Work order
Give back only the lines in the records below from the one with "Levi’s Classic Straight" to the one with "aliya-jaan71 online show", both inclusive, word for word.

[Collected data entries]
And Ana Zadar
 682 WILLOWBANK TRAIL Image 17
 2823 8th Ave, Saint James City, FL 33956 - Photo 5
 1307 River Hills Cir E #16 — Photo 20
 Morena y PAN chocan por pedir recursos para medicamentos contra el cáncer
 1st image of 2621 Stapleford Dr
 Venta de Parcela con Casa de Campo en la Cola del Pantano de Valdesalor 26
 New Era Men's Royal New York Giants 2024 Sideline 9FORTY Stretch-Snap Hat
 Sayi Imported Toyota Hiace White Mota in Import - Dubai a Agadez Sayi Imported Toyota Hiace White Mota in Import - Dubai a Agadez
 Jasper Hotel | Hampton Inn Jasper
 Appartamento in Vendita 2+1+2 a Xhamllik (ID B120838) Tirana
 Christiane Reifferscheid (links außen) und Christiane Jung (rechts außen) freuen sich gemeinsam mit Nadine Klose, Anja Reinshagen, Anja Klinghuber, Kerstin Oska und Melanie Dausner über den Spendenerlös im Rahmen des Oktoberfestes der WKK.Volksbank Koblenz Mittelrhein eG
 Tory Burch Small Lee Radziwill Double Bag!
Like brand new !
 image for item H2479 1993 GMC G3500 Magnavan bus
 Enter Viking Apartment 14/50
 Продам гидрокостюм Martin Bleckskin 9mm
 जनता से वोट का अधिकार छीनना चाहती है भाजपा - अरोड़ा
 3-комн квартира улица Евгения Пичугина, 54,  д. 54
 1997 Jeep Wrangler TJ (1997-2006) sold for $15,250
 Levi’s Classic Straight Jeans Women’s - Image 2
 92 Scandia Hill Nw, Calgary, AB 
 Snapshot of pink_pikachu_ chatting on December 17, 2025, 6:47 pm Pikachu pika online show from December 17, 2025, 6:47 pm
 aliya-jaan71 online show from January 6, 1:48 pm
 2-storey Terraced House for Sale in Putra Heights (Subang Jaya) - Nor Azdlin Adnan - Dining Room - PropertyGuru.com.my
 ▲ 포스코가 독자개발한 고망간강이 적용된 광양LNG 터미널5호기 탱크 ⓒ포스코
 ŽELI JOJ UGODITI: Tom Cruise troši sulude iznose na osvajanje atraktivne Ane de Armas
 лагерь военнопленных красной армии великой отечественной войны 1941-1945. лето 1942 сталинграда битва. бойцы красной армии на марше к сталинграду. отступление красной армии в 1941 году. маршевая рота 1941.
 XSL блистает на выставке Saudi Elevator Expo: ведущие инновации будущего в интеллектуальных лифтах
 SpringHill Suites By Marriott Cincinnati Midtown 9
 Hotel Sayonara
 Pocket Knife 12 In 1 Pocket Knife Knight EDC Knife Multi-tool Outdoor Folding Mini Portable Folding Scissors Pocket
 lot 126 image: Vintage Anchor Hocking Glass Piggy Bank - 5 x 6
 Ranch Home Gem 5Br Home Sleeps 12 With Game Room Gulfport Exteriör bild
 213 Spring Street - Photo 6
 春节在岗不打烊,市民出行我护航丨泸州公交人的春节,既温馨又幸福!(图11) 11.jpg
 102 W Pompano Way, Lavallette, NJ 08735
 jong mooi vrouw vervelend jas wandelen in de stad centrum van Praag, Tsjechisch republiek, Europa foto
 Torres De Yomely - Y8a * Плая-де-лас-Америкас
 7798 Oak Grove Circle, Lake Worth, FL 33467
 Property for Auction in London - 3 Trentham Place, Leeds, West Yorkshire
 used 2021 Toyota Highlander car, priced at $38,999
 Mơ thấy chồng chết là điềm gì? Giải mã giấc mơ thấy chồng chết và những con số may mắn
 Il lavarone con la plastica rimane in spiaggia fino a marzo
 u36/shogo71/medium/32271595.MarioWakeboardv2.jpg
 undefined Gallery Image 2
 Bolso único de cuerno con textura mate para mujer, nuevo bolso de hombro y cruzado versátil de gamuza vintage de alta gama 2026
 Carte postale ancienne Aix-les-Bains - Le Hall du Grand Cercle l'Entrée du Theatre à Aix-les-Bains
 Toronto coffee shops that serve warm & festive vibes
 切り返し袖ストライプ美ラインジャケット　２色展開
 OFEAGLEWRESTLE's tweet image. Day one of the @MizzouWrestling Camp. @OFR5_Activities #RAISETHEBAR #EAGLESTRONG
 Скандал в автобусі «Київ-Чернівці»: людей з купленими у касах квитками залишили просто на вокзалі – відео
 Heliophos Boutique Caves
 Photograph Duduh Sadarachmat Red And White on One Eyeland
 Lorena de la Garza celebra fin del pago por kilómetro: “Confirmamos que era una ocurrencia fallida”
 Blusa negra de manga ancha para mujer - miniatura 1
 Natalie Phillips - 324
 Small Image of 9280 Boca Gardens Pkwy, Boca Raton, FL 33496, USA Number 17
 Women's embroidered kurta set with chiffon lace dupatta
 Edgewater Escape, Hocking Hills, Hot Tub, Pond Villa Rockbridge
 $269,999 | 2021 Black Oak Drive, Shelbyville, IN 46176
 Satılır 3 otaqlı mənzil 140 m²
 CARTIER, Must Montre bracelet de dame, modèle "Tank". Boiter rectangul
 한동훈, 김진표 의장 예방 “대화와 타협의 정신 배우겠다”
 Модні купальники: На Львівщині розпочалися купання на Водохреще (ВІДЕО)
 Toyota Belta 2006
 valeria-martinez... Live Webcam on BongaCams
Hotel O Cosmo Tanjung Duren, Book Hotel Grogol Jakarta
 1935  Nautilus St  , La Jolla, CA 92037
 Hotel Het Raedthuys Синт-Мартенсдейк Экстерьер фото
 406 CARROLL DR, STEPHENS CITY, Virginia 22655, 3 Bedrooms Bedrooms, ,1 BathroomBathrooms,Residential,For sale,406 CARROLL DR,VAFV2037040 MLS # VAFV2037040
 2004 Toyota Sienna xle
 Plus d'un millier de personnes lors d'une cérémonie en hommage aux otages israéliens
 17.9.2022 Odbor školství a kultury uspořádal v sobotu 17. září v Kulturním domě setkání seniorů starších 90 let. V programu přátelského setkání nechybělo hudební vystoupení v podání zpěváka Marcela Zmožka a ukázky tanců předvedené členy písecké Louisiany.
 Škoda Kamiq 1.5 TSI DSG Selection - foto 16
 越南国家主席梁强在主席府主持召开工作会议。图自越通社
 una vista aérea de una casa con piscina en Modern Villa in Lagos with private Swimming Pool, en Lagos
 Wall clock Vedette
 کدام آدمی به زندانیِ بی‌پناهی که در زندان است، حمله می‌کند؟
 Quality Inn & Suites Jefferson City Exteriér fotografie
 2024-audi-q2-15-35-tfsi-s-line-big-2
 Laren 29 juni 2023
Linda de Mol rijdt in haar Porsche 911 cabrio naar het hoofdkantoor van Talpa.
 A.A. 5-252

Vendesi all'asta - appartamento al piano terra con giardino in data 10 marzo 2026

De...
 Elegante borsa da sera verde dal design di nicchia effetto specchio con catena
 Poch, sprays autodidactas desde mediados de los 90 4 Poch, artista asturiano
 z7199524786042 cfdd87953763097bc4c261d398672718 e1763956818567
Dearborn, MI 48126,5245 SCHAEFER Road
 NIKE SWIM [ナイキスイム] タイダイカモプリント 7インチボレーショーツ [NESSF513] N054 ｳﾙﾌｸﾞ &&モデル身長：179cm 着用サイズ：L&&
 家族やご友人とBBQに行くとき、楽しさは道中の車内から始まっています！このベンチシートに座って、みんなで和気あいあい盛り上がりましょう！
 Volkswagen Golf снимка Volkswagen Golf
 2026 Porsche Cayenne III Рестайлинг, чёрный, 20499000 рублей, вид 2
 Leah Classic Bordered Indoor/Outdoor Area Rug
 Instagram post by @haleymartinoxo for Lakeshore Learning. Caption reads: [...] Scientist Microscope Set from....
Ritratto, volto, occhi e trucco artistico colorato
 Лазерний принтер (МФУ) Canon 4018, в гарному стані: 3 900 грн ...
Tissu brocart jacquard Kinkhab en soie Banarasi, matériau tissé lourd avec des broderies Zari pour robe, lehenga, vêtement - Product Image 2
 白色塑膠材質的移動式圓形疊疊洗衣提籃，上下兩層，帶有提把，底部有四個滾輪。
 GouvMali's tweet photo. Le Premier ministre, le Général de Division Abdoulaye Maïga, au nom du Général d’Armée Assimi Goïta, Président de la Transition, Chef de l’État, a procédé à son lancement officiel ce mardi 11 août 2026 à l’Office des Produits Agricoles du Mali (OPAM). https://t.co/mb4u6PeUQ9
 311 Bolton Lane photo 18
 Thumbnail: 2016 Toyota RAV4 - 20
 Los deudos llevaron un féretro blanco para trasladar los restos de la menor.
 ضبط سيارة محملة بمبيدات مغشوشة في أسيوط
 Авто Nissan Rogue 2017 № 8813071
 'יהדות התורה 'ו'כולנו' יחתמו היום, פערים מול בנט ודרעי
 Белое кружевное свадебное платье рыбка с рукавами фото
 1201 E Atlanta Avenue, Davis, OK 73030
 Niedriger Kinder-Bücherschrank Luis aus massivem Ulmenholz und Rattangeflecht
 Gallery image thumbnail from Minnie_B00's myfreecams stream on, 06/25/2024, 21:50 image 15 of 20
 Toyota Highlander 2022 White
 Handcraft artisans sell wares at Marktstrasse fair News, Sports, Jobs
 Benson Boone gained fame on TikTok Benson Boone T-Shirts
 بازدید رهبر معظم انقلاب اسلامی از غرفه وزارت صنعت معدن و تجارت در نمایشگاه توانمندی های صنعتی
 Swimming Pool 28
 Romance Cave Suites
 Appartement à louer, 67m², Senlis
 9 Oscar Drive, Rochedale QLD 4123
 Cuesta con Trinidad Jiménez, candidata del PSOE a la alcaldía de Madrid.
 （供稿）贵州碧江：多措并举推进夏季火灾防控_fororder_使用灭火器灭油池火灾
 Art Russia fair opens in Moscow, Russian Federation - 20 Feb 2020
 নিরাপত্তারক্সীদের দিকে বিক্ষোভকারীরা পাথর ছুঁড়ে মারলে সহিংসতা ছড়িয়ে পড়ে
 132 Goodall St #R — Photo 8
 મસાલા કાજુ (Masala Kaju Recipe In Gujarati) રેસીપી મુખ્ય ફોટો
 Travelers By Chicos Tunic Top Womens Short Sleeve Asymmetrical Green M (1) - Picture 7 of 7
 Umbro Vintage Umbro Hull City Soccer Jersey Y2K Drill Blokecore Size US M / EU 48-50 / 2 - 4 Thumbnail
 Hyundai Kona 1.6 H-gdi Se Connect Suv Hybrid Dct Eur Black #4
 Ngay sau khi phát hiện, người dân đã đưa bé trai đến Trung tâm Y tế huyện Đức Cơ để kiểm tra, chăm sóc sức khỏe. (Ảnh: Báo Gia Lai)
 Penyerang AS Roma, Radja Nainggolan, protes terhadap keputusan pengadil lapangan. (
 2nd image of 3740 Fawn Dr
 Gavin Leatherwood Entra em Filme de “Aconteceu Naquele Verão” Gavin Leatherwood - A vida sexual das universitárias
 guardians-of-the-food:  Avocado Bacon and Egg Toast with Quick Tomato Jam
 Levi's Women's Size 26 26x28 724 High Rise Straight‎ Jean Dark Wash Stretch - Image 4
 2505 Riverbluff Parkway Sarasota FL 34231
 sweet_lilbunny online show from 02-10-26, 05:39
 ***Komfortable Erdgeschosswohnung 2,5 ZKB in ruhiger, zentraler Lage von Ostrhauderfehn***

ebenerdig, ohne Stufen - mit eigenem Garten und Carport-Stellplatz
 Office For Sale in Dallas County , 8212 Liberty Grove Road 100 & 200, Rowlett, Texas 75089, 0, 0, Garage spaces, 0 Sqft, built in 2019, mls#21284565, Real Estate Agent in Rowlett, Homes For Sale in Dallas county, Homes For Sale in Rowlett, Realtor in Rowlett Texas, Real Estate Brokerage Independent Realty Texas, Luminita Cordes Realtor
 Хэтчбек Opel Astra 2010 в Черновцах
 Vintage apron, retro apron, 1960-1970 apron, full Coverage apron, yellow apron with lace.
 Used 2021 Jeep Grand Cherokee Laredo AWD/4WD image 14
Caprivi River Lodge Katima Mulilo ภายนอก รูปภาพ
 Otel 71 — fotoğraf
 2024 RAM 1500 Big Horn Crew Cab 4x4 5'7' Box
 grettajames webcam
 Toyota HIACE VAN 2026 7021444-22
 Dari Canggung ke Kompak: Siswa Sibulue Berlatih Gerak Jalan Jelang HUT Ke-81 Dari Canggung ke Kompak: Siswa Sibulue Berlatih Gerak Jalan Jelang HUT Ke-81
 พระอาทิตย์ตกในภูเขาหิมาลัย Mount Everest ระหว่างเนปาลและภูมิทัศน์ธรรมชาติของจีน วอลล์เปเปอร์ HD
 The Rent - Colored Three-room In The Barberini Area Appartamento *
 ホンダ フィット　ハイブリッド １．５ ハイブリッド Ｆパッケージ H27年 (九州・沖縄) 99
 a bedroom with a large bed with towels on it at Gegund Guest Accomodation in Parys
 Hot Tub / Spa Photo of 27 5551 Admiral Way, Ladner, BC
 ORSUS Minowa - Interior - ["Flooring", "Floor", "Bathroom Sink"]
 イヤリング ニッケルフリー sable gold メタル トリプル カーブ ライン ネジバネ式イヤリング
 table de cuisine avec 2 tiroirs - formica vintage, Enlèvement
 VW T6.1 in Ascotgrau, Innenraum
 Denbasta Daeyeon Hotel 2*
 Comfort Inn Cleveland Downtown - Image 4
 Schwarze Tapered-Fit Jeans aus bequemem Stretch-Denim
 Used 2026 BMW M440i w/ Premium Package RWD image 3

Written answer
 Levi’s Classic Straight Jeans Women’s - Image 2
 92 Scandia Hill Nw, Calgary, AB 
 Snapshot of pink_pikachu_ chatting on December 17, 2025, 6:47 pm Pikachu pika online show from December 17, 2025, 6:47 pm
 aliya-jaan71 online show from January 6, 1:48 pm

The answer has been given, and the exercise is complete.